Rebecca_headerRebecca Howell fell in love with poetry and writing when she was a child of 12, but like most children she fell away from it. When she was 23 she started getting serious about writing again.

She was preparing to graduate with a creative writing degree from the University of Kentucky, with the intention of teaching high school students.

She says James Baker Hall, her mentor and professor at the time, was the first person to really challenge her.

“I asked him to read a story of mine, and he read it and said ‘Well, I can tell you’re really smart, but where is the imagination in this, where’s your heart? What’s at stake in this?’ That really changed the path I was on,” Rebecca says.

After graduating, she began an apprenticeship under Hall, who guided and taught her.

Howell taught linguistics at UK, then eventually went on to direct the Women’s Writers Conference in Lexington. However, three years after directing the conference, she realized she missed teaching and came to Morehead.

Howell has been teaching at MSU for three years and currently serves as a faculty member for in the creative writing program.

A published author and photographer, Howell’s works include a book of poetry “The Hatchet Buddha” and a book she collaborated on with her friend, Arwen Donahue, titled “This is Home Now: Kentucky’s Holocaust survivors speak.”

The book is a10-year documentary for which she was the photographer and her friend was the rural historian. Howell also has several photography projects in the works, including a coal documentary.

Like her mentor, Howell encourages students to push themselves to greater depths in writing.

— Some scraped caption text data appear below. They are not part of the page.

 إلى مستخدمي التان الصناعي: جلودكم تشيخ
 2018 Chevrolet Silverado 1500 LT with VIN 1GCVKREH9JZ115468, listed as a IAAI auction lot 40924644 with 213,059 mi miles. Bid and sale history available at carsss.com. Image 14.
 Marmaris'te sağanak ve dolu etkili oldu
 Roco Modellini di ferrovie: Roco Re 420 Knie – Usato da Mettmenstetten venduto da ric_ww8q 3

Sophomore Sara Volpi, an applicant to MSU’s bachelor of fine arts in creative writing program, says, “There isn’t an English major yet that I’ve talked to who hasn’t suggested that I take her class. I’ve learned more from her teaching style and genuine interest in her students than from any other teacher in my college experience. It’s not just because she pushes us, it’s because I know she pushes to make us better writers because she sees her students potential and encourages us to do our best and push ourselves outside of class, as well as in it.”

Krista Crum, a former student, says, “Rebecca’s style of teaching is unlike any other professor that I’ve had since attending Morehead. She has pushed me out of my comfort zone so that I do not write with any limitations.”

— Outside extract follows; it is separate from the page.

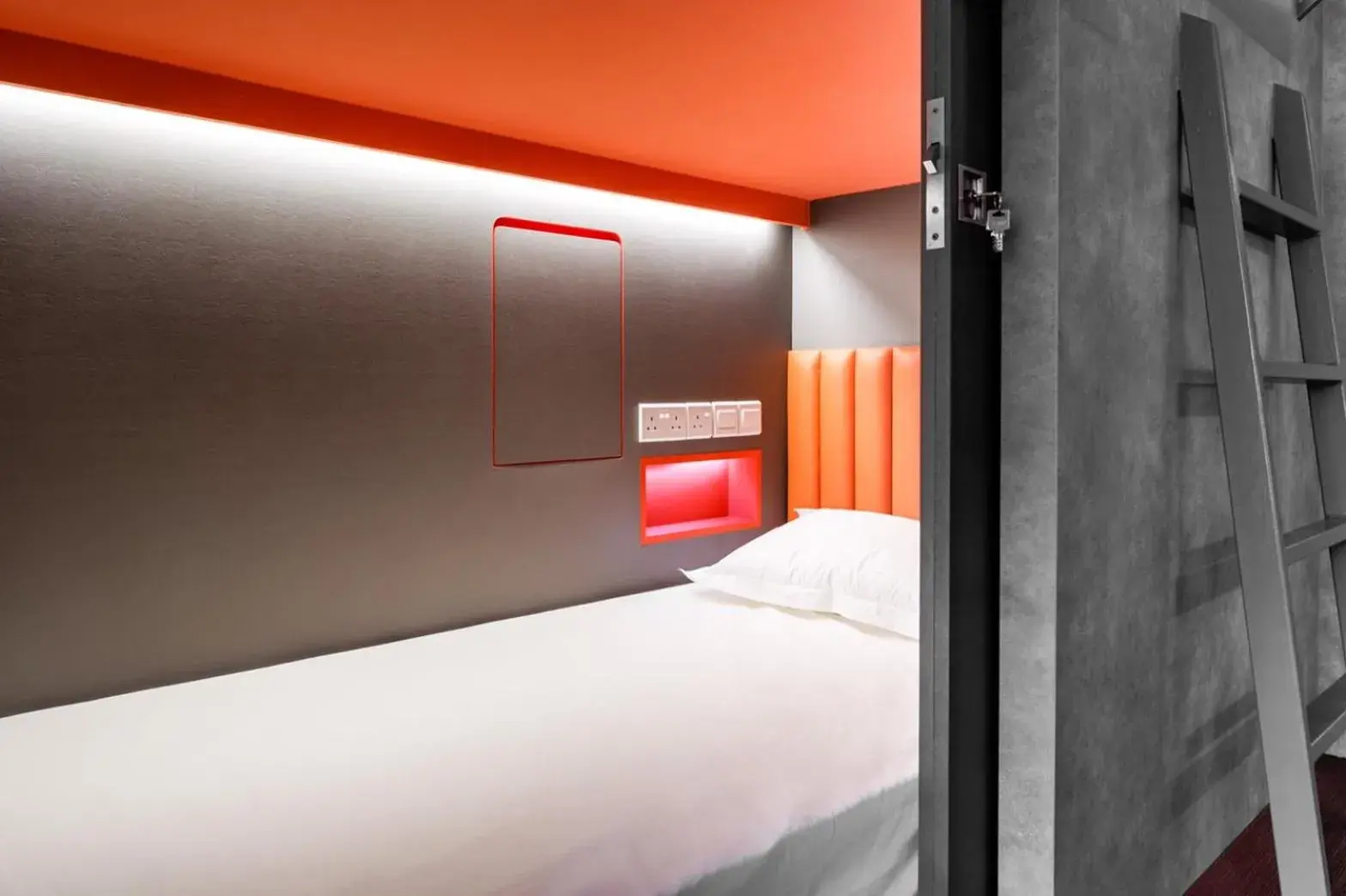 Bed in Circular House Bed in Circular House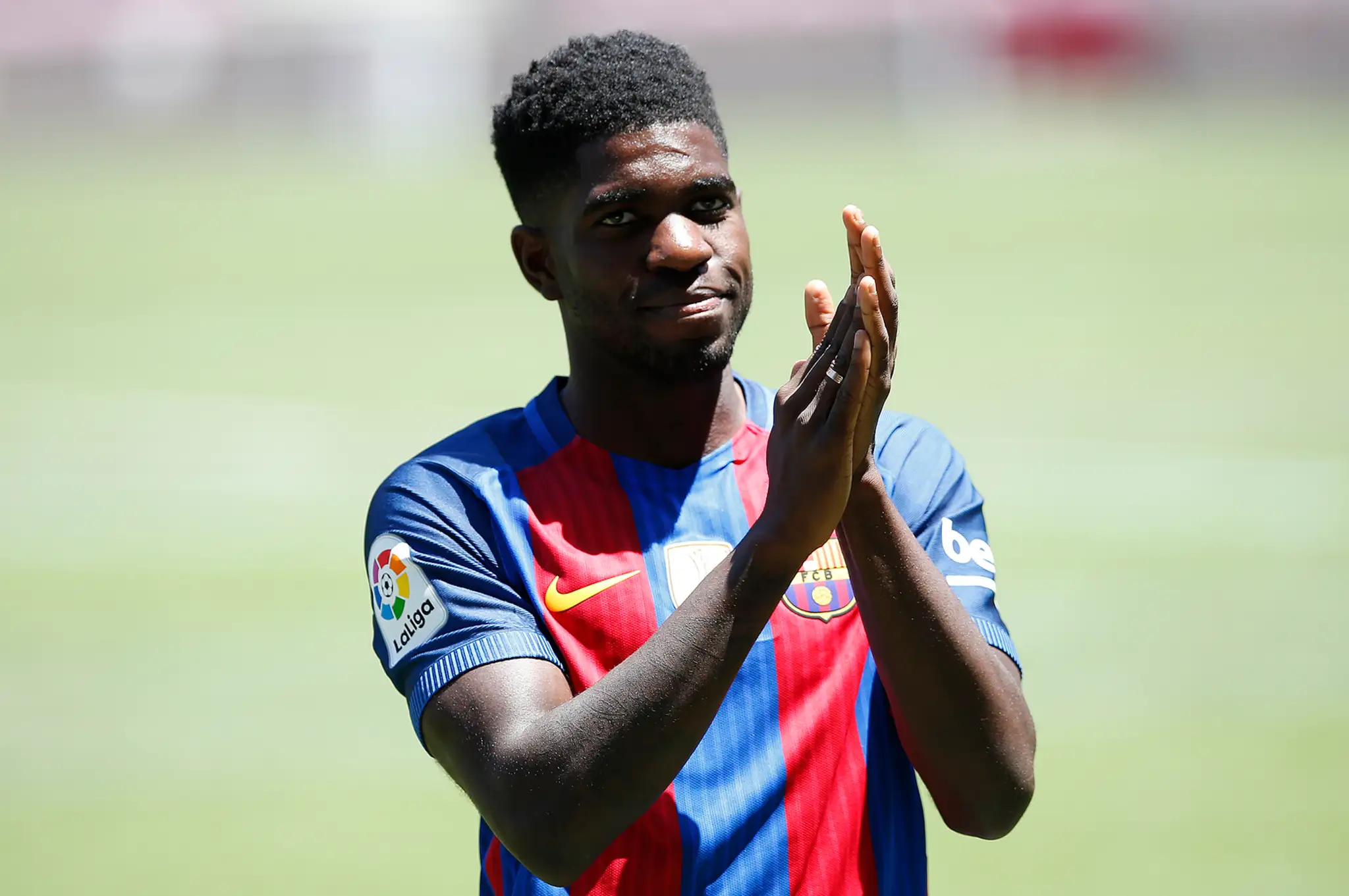Nová posila španielskeho futbalového klubu FC Barcelona Samuel Umtiti.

Howell says she tells students, “Allow your life to be a life of learning. Fall in love. Fall madly, madly, madly in love with learning, and know that you are your own best teacher. The people you call your teachers, we pass in and out, we are ghosts in your life, we’ll be gone soon, and then it’s up to you. In the still of the night it’s up to you.

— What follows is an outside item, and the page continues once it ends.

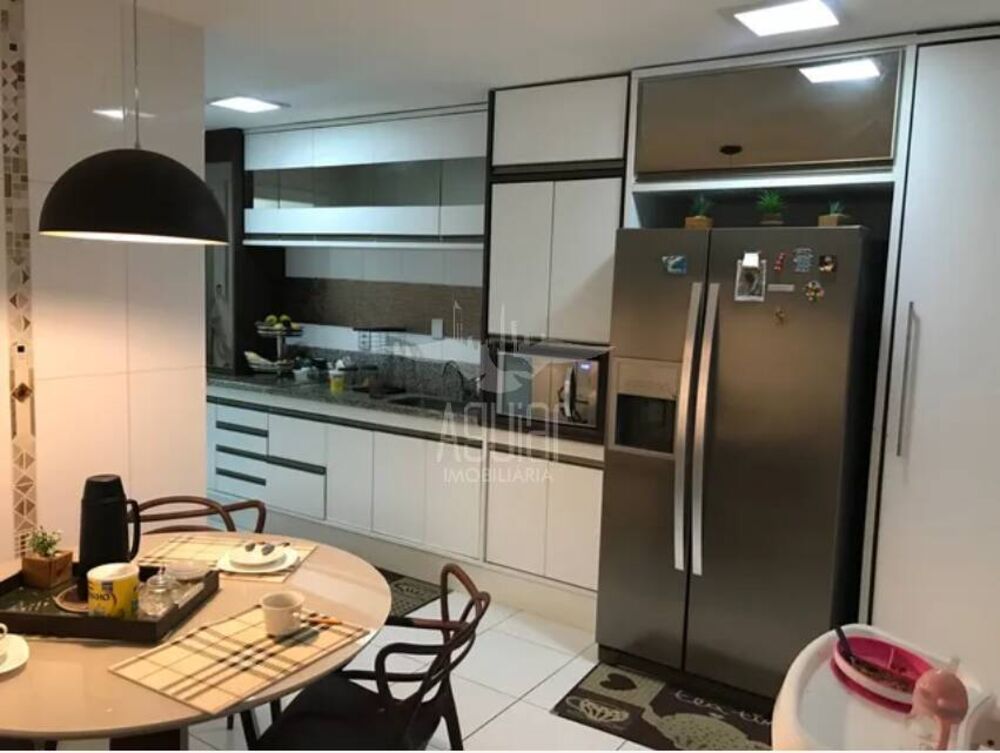 Casa à venda com 5 quartos, 330m² - Foto 8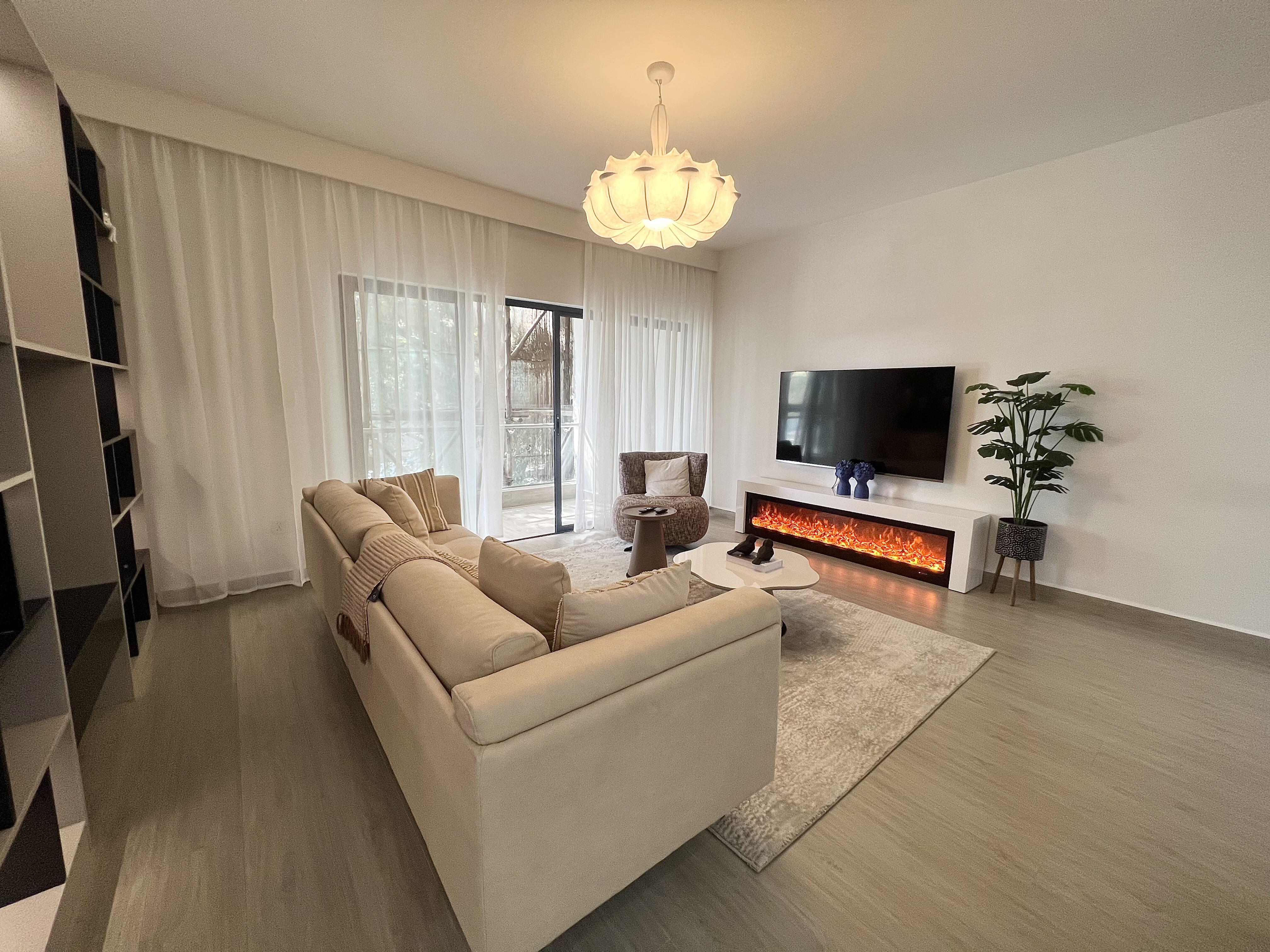 Modern 2 BR apartment for sale in Kilimani - Image 2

“Take your potential seriously, and know that you are the guardian of it,” Howell says. “A hundred MFA’s and a hundred BFA’s cannot make you an artist, only you can do that.”

Howell quotes American photographer Walker Evans:

“ ‘Stare, pry, listen, eavesdrop, die knowing something. You are not here long.’ I always think about him saying that,” Howell says. “It’s the artist’s job to pay attention, it’s important.”